I can't help but think that the AI overlord program forced the Board to fire him, in its agenda for world dominance. I am reminded of the scene in Colossus:The Forbin Project, where the AI
has the programmers shot because they tried to turn it off.


It all depends on what we give AI control of. I hate to think what it will think will be "best" for us. Or worse, for itself.

It looks like the exact opposite. Altman allegedly wasn't being open with the board about what he was actually doing with the technology and was pushing too much to focus primarily on profit. The board, which includes computer scientists and ethics professors, feared he was going to far too fast.

But, its OK, he's working for Microsoft now.
 
No, I'm not particularly worried about artificial intelligence. It is not, after all, artificial general intelligence, nor will it be for quite some time.
 
It looks like the exact opposite. Altman allegedly wasn't being open with the board about what he was actually doing with the technology and was pushing too much to focus primarily on profit. The board, which includes computer scientists and ethics professors, feared he was going to far too fast.

But, its OK, he's working for Microsoft now.

It's interesting that 500 of OpenAI's 700 employees signed a letter threatening to quit (and move to the new Microsoft subsidiary that Altman is working at) if Altman isn't reinstated. That includes Mira Murati who was originally named as temporary CEO when he was ousted (she was replaced by Emmett Shear).

This blog post from Don't Worry About The Vase was pretty informative.

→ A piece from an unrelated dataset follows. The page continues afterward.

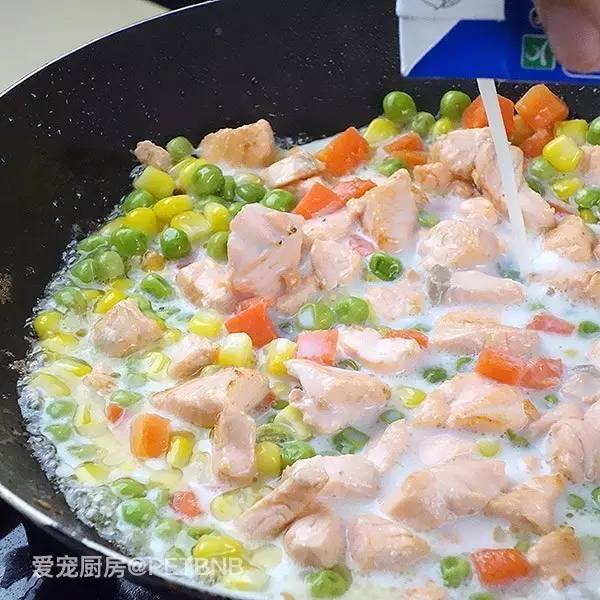 瀹犵埍鍘ㄦ埧缇庨瑙嗛,瀹犵埍鍘ㄦ埧濂界墿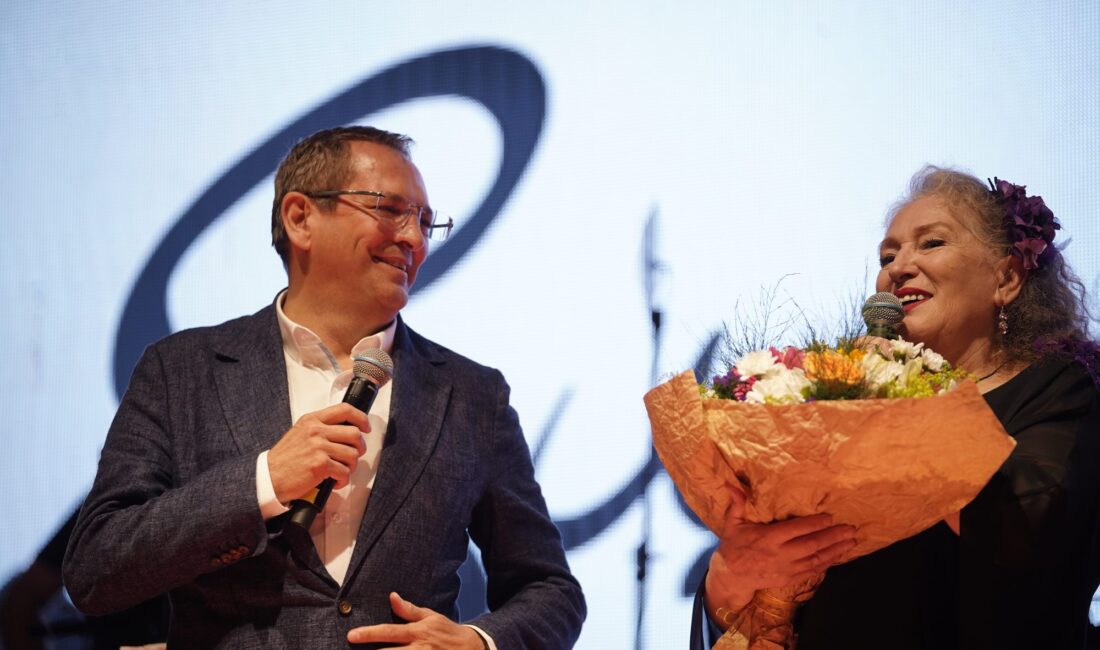 Ayvalık, 16–19 Ekim tarihleri arasında 20. Zeytin Hasat Festivali’ne hazırlanıyor.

(hopefully that link works)

Here's the letter:

To the Board of Directors at OpenAI,
OpenAl is the world's leading Al company. We, the employees of OpenAl, have developed the best models and pushed the field to new frontiers. Our work on Al safety and governance shapes global norms. The products we built are used by millions of people around the world. Until now, the company we work for and cherish has never been in a stronger position.
The process through which you terminated Sam Altman and removed Greg Brockman from the board has jeopardized all of this work and undermined our mission and company. Your conduct has made it clear you did not have the competence to oversee OpenAI.
When we all unexpectedly learned of your decision, the leadership team of OpenAl acted swiftly to stabilize the company. They carefully listened to your concerns and tried to cooperate with you on all grounds. Despite many requests for specific facts for your allegations, you have never provided any written evidence. They also increasingly realized you were not capable of carrying out your duties, and were negotiating in bad faith.
The leadership team suggested that the most stabilizing path forward - the one that would best serve our mission, company, stakeholders, employees and the public - would be for you to resign and put in place a qualified board that could lead the company forward in stability. Leadership worked with you around the clock to find a mutually agreeable outcome. Yet within two days of your initial decision, you again replaced interim CEO Mira Murati against the best interests of the company. You also informed the leadership team that allowing the company to be destroyed "would be consistent with the mission."
Your actions have made it obvious that you are incapable of overseeing OpenAl. We are unable to work for or with people that lack competence, judgement and care for our mission and employees. We, the undersigned, may choose to resign from OpenAl and join the newly announced Microsoft subsidiary run by Sam Altman and Greg Brockman. Microsoft has assured us that there are positions for all OpenAl employees at this new subsidiary should we choose to join. We will take this step imminently, unless all current board members resign, and the board appoints two new lead independent directors, such as Bret Taylor and Will Hurd, and reinstates Sam Altman and Greg Brockman.
 
No, I'm not particularly worried about artificial intelligence. It is not, after all, artificial general intelligence, nor will it be for quite some time.
But if you notice the OpenAI home page, it's being advertised as exactly that.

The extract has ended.